Twenty years later, CrossFit has grown into a global fitness phenomenon with millions of practitioners, thousands of affiliated gyms, and a Games competition that has become the ultimate test of human fitness. The choice of San Jose — just 40 miles north of where it all began — is a deliberate homecoming, a full-circle moment for a sport that has changed the fitness industry forever.

Here's everything we know about the 2026 CrossFit Games, why San Jose matters, and what this 20th anniversary edition means for the future of the sport.

San Jose: Why This Venue Matters

A Return to California Roots

The CrossFit Games have had a nomadic existence. From the original Aromas ranch (2007-2010) to the Home Depot Center in Carson (2010-2014), from StubHub Center/Dignity Health Sports Park (2015-2018) to Madison, Wisconsin (2017-2023), and the brief stint in Fort Worth, Texas (2024-2025), the Games have never stayed in one place for too long.

San Jose represents a return to CrossFit's California DNA. The Bay Area is where Greg Glassman first codified his training methodology, where the earliest CrossFit gyms opened, and where the competitive fitness culture was born. Hosting the 20th anniversary here isn't just logistically convenient — it's symbolically powerful.

  • PayPal Park (home of the San Jose Earthquakes MLS team) is the rumored primary venue, offering a 18,000-seat outdoor stadium perfect for competition events
  • The wider San Jose area provides access to open water, trails, hills, and facilities for the varied terrain events the Games are known for
  • Silicon Valley's infrastructure means excellent hotels, transport, and tech support for the increasingly complex broadcast production

Key takeaway: After years in the Midwest and Texas, the Games returning to California is a statement: CrossFit is coming home for its biggest birthday yet.

What Athletes Can Expect From the Venue

If recent Games are any indication, Dave Castro and the programming team will use San Jose's geography to maximum effect. The Bay Area offers:

  • Open water swimming in the San Francisco Bay or nearby reservoirs — expect at least one swim event
  • Hill running in the surrounding foothills — a dramatic departure from the flat courses of Madison and Fort Worth
  • Heat and sun — August in San Jose averages 28-32°C (82-90°F), which will test athletes' ability to perform in warm conditions
  • Urban course potential — Castro has previously experimented with city-course events, and downtown San Jose's streets could provide a spectacular backdrop

Athletes who train at altitude, in heat, and with open-water swimming will have a significant advantage. Those who rely on controlled gym environments may struggle.
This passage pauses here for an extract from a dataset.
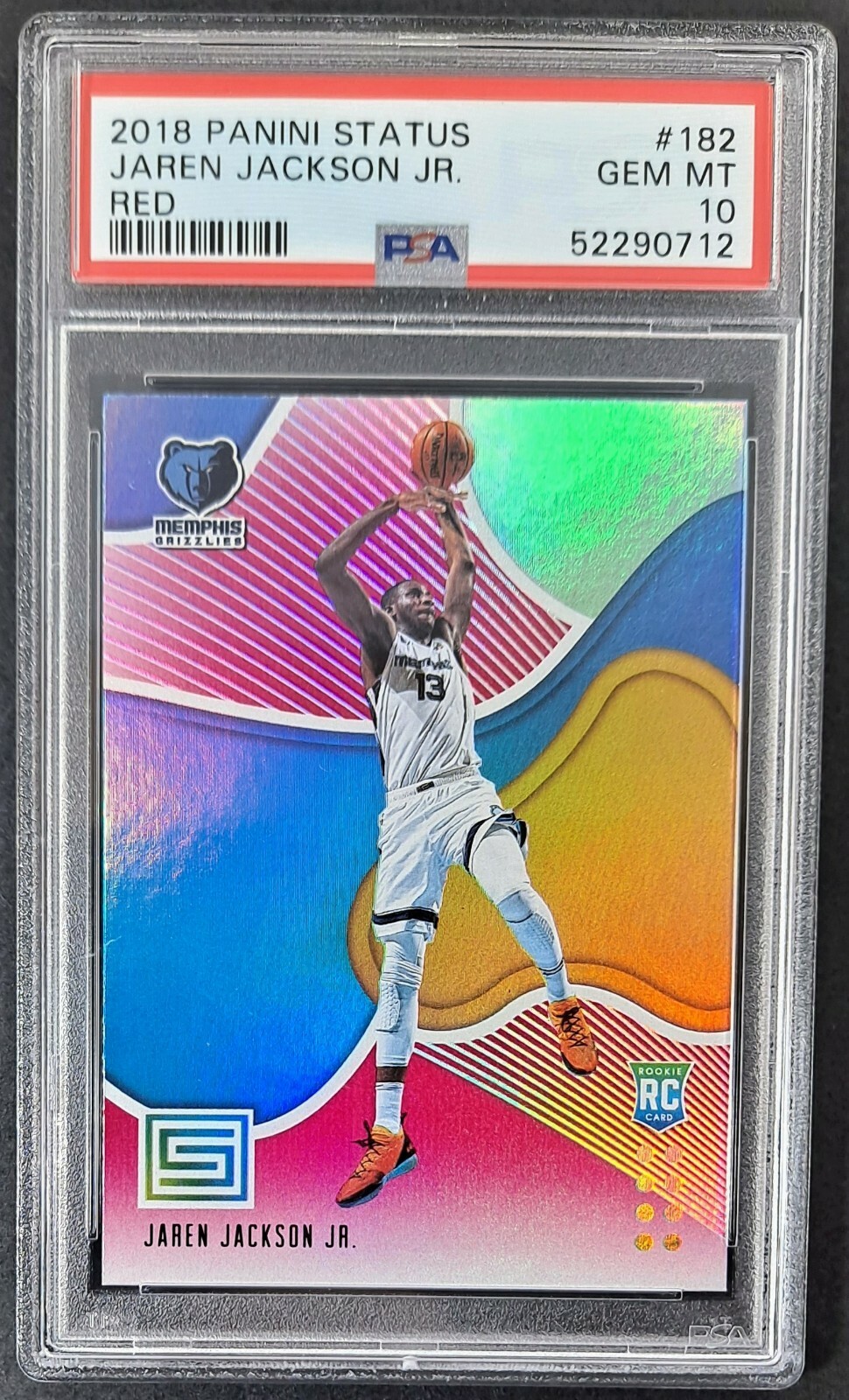 2018 Panini Status Jaren Jackson Jr Red #182 PSA 10 Gem Mint Rookie RC Grizzlies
The Road to San Jose: How Athletes Qualify

The 2026 Competition Season Structure

The pathway to the CrossFit Games has stabilized into a four-stage process that balances accessibility with competitive rigor:

Stage 1 — The CrossFit Open (Late February - March 2026)
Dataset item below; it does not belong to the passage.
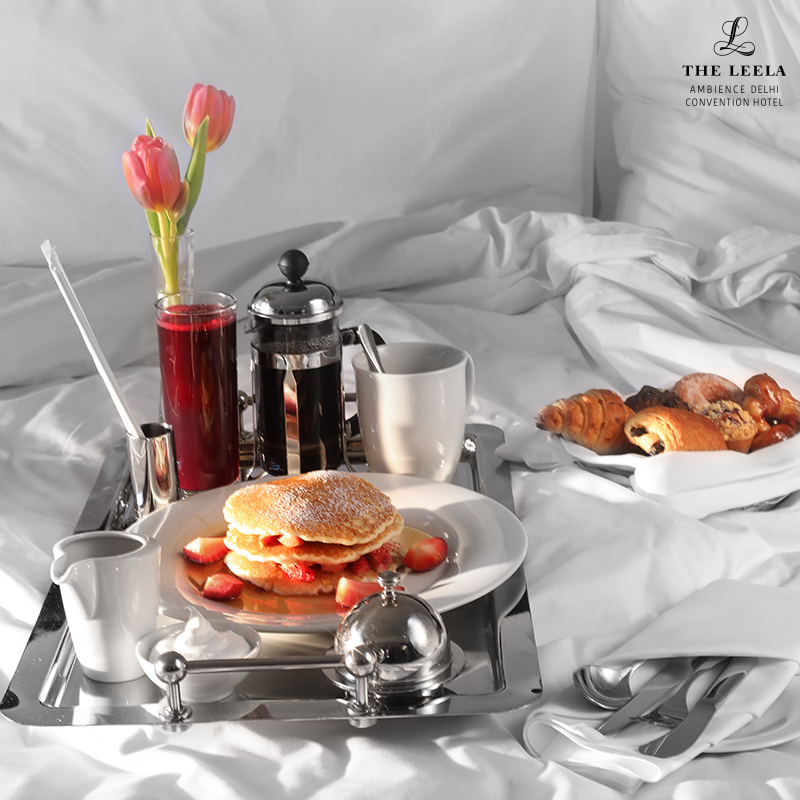 Breakfast in bed at The Leela Ambience Convention Hotel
The Open is where it all starts. Three workouts released over three weeks, performed in affiliated gyms worldwide or in home gyms with video submission. Over 300,000 athletes are expected to participate in 2026, making it the largest participatory fitness event on the planet.

The Open serves two purposes: it's a global fitness test that anyone can enter, and it's the qualifying round for the next stage. The top 10% of athletes in each continent advance to Quarterfinals.

Stage 2 — Quarterfinals (April 2026)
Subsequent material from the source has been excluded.